Argentina’s Heavy-Water Plant in Danger of Closing, as Nuclear Sector Is Jeopardized

July 9, 2018 (EIRNS)—The decision by Argentine President Mauricio Macri to cancel construction of the country’s fourth nuclear reactor, Atucha III, and postpone construction of a fifth until 2022, is jeopardizing the continued operation of the Industrial Heavy Water Plant (PIAP) in the Patagonian province of Neuquén. PIAP is one of the most important such facilities worldwide, and is a jewel among Argentina’s many scientific and technological achievements.

Atucha III was to have been based on Candu technology, requiring heavy water. Now, PIAP is almost paralyzed, jeopardizing the jobs of 400 highly-skilled workers, and hundreds more who are employed indirectly. This is just one more element in Macri’s all-out assault on Argentina’s nuclear and high-tech capabilities, whose destruction the British Empire has always sought. Aside from PIAP workers, another 5,000 jobs are jeopardized as a result of Atucha III’s cancellation.

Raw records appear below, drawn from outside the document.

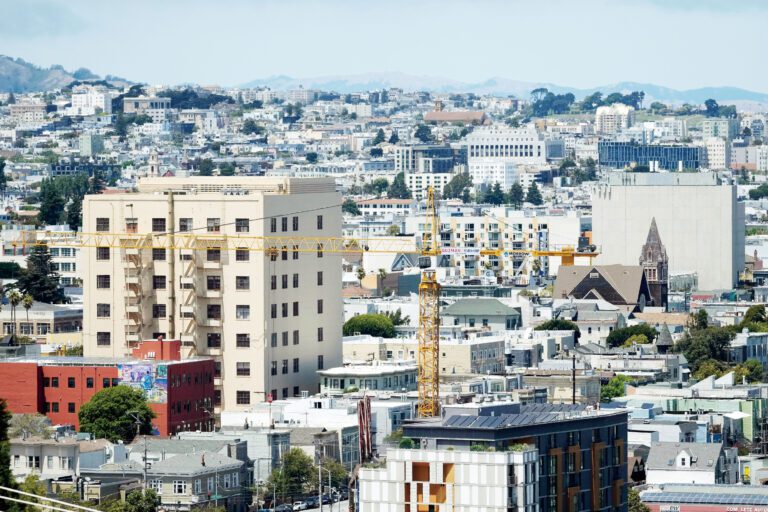 加州房屋供不應求情況已持續多年。美聯社資料圖片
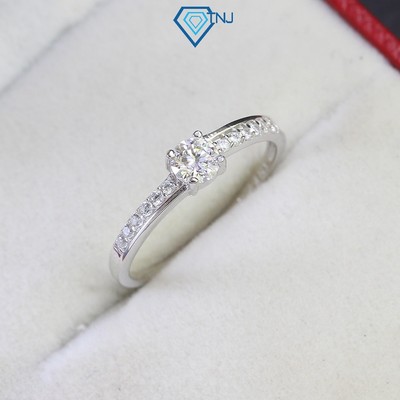 Nhẫn bạc nữ đính Moissanite 4ly xi bạch kim kèm thẻ tra cứu thanh lịch, tinh tế NNM0072 - Trang Sức TNJ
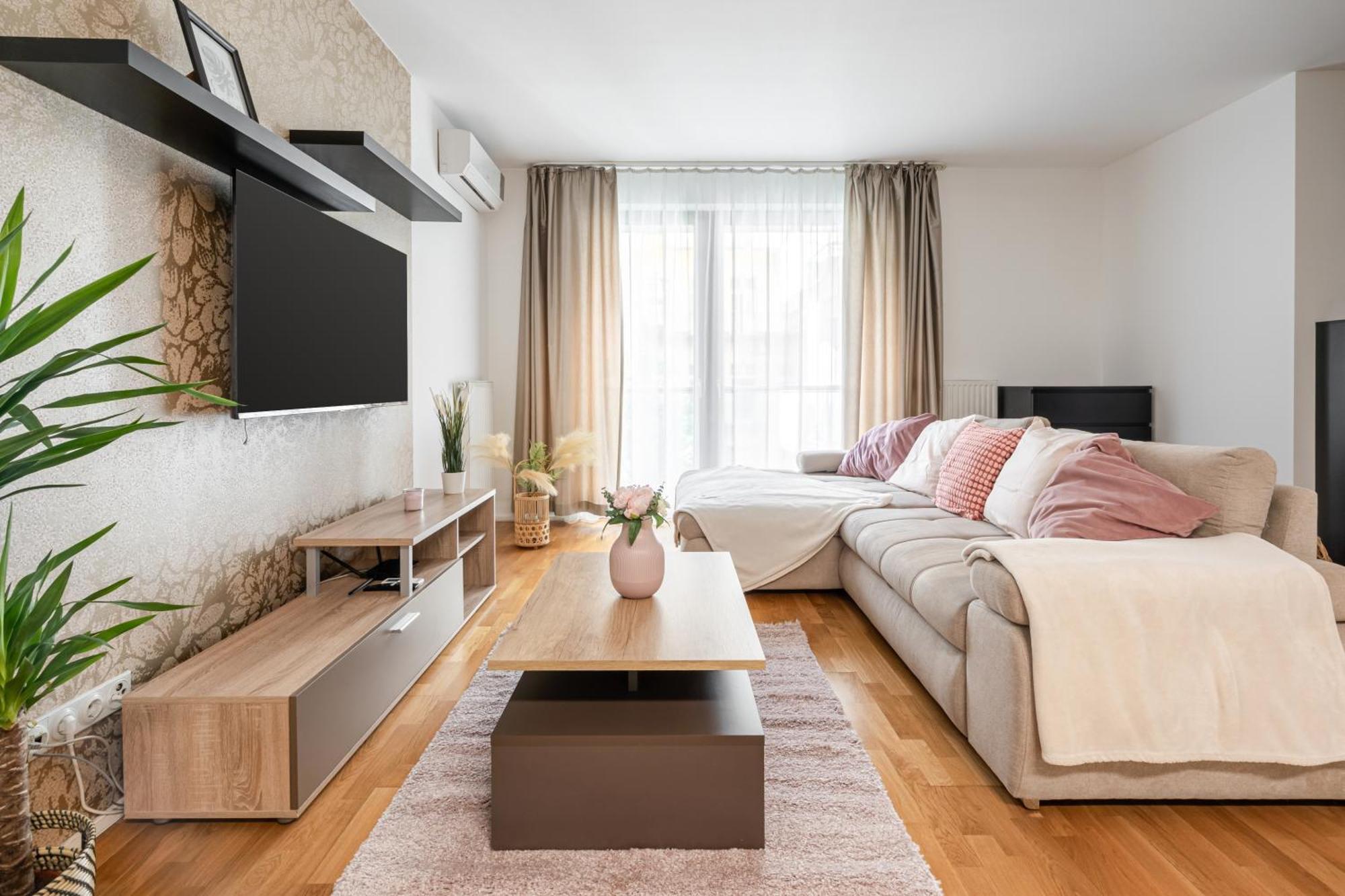 Of Serenity - 2 Bdr, Free Parking And Terrace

Macri claimed his decision was based on the country’s financial crisis and need to cut back on infrastructure spending—which the International Monetary Fund ordered as a conditionality for its $50 billion standby loan. But the China National Nuclear Corp. (CNNC), which was to have built Atucha III, generously offered to provide 85% of the total $9 billion in financing, with an eight-year grace period before loans would have had to been repaid. Adrian Delao, secretary-general of the union of workers employed by NASA, the state-run company that builds reactors, had told the daily Canal Abierto back on May 29 that Macri’s decision was “purely political, directly linked to the government’s relations with the IMF. To build Atucha III, Argentina wouldn’t have spent a single peso.”

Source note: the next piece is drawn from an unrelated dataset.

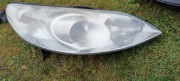 Lampa peugeot 407 prawą stronę uszkodzone uchwyty 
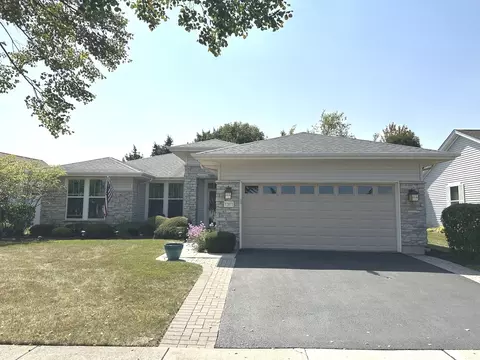 12871 Rock Springs Ln, Huntley, IL 60142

The Argentine Senate’s Mining, Energy and Fuel committees met with representatives of PIAP’s workers on July 4 to discuss other possible uses of the heavy water plant, such as production of nitrogenized fertilizer based on use of urea. Julian Gadano, the Energy Ministry’s Undersecretary for Nuclear Energy, told the committees that in the immediate future there is no market for heavy water, El Periódico de Rincón reported July 5. Neuquén’s Energy Minister Alejandro Monteiro warned that PIAP’s closing would negatively impact the operations of the Engineering Services Company, which provides skilled personnel to PIAP, as well as the state-sector INVAP company, which was involved in PIAP’s operations.